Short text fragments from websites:
--------

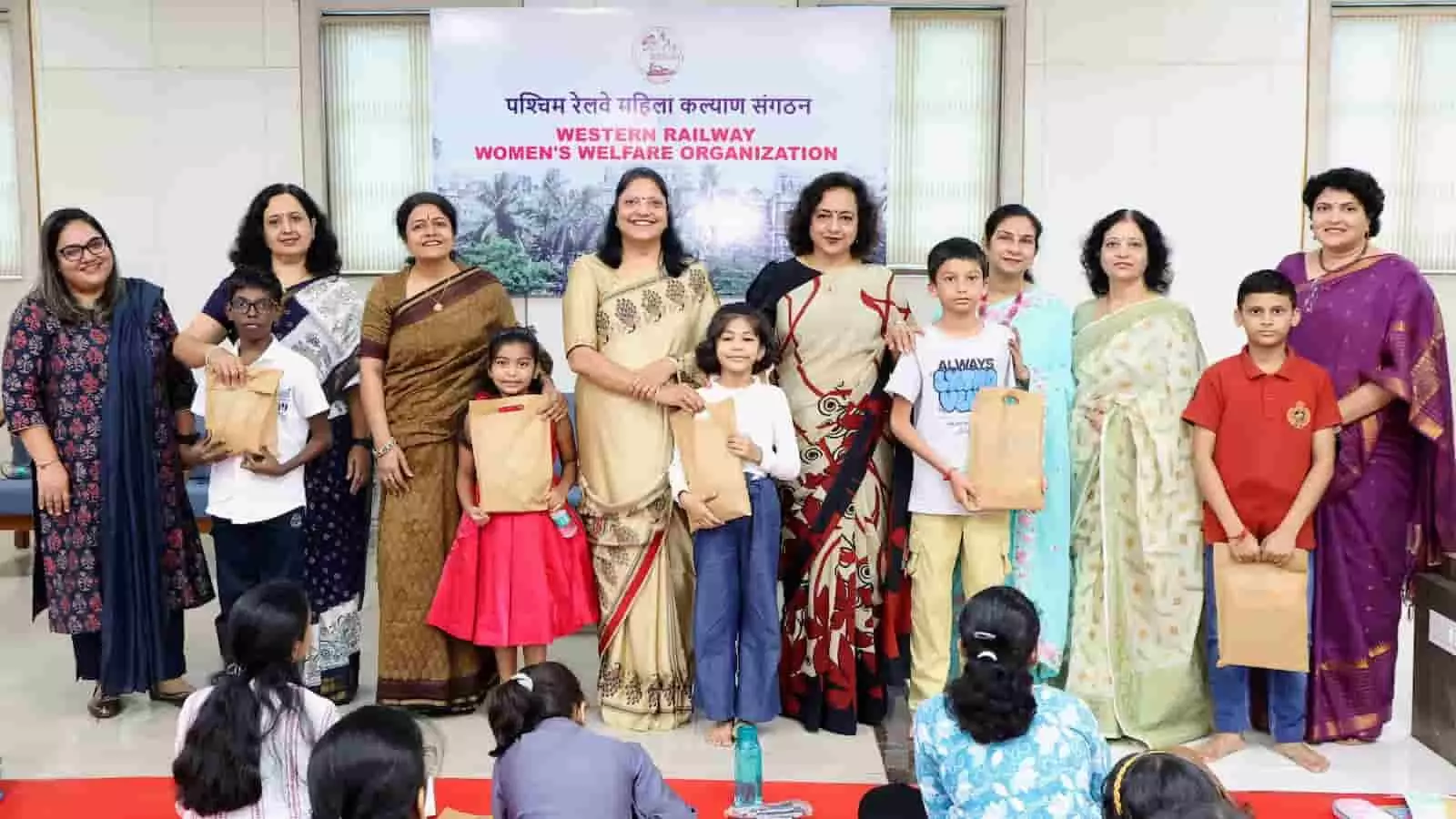 तस्वीर में दिख रही WRWWO की कार्यकारी समिति की सदस्य बच्चों के साथ उपहार सामग्री के साथ खड़ी हैं। तस्वीर में दिख रही WRWWO की कार्यकारी समिति की सदस्य बच्चों के साथ उपहार सामग्री के साथ खड़ी हैं।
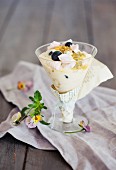 Vanilla cream with blueberries and passion fruit sauce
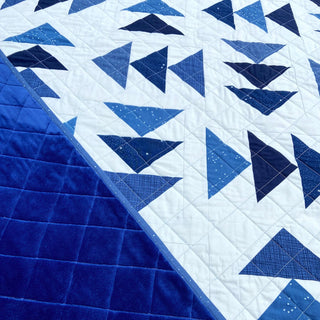 Blue and white geometric quilt with triangular patchwork and quilted navy backing from Homemade Emily Jane. Blessings Quilt Pattern (Download)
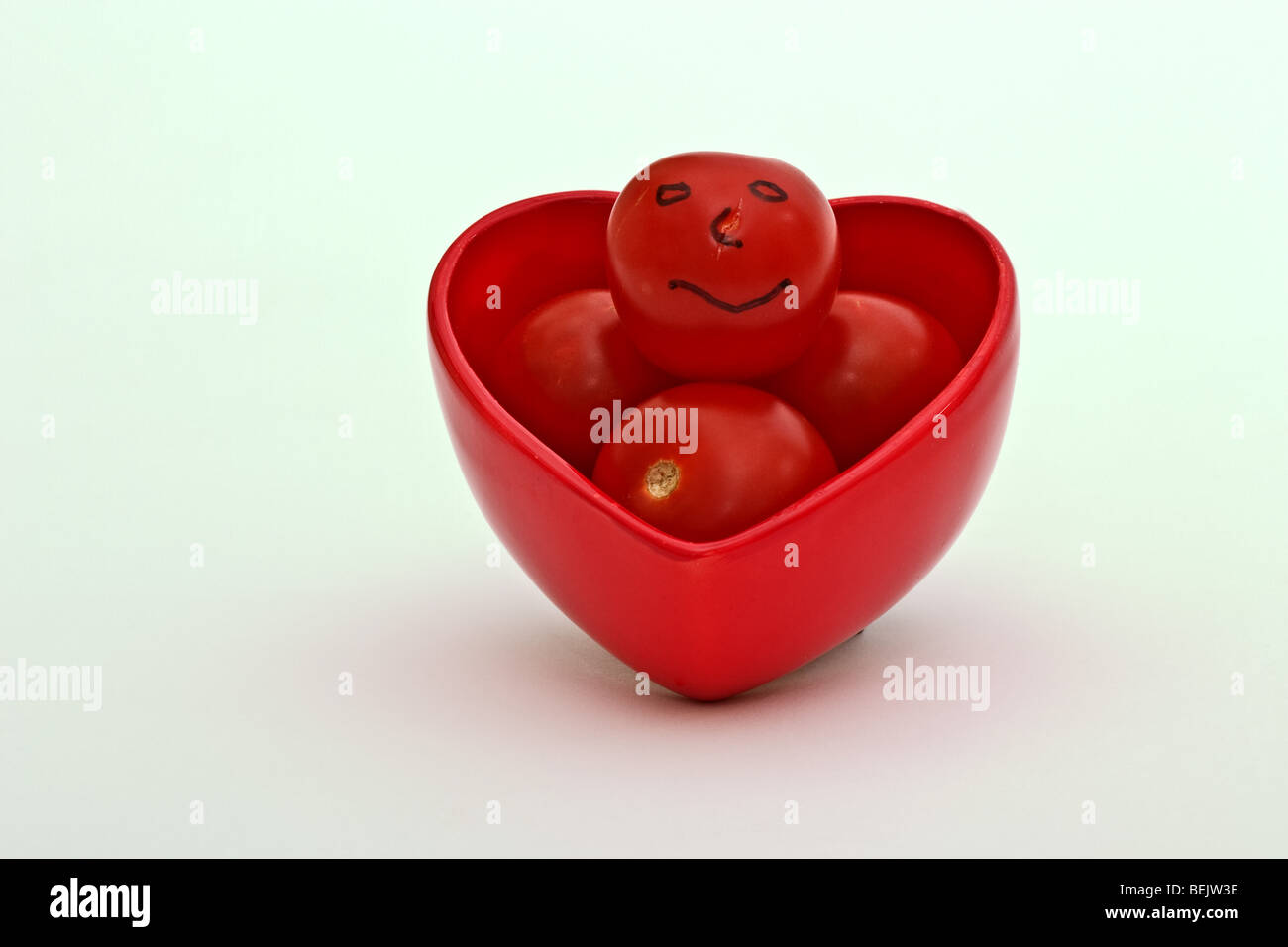 En forme de coeur rouge dur rempli de tomates mûres, un bébé avec un smiley. Banque D'Images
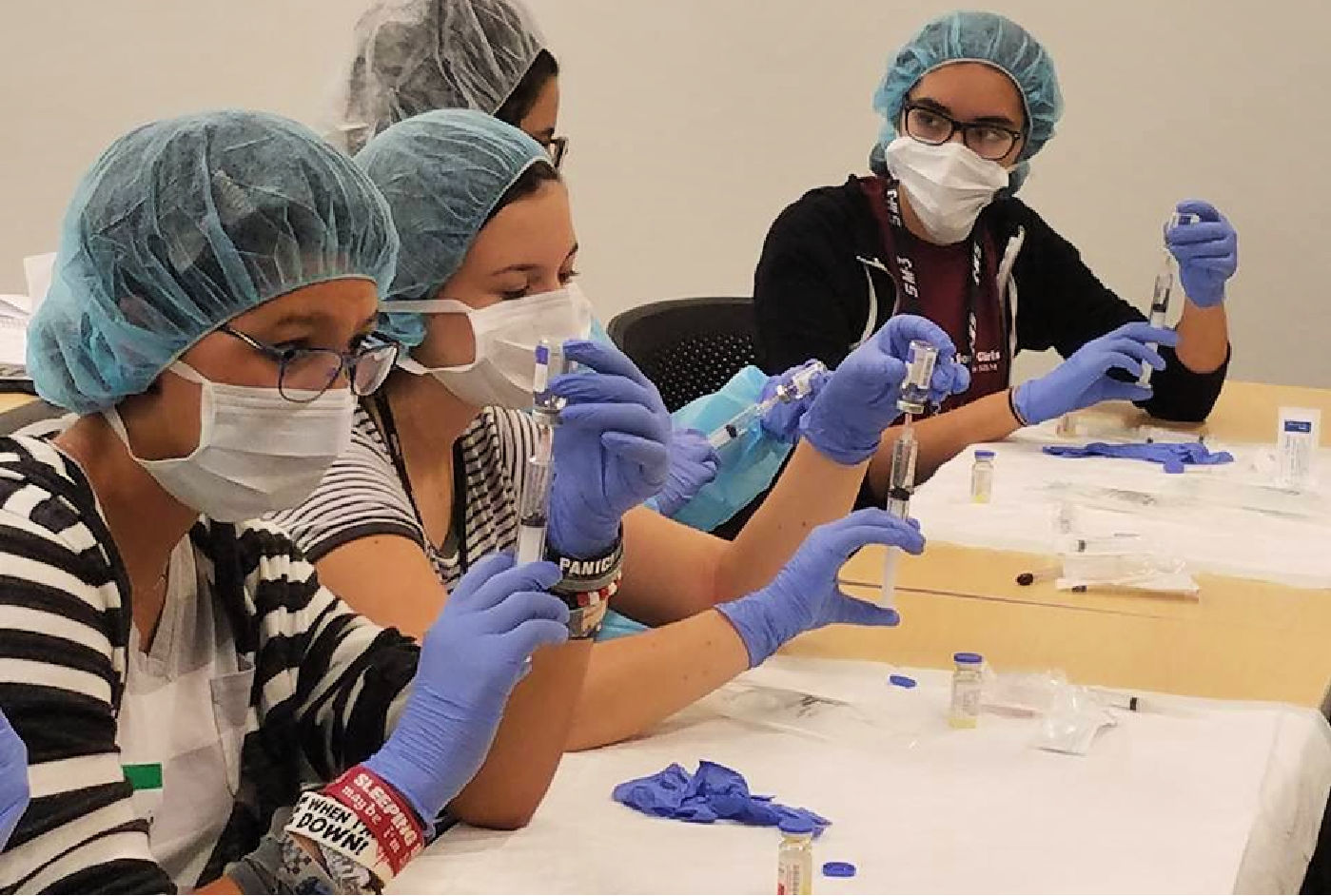 A group of four students in medical attire focus on handling syringes and vials during a training session.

--------

From the line containing "Blue and white" down to the last line of the data above, transcribe exactly those lines and no others; omit the pictures.

• **ANSWER FOR THE TASK**
 Blue and white geometric quilt with triangular patchwork and quilted navy backing from Homemade Emily Jane. Blessings Quilt Pattern (Download)
 En forme de coeur rouge dur rempli de tomates mûres, un bébé avec un smiley. Banque D'Images
 A group of four students in medical attire focus on handling syringes and vials during a training session.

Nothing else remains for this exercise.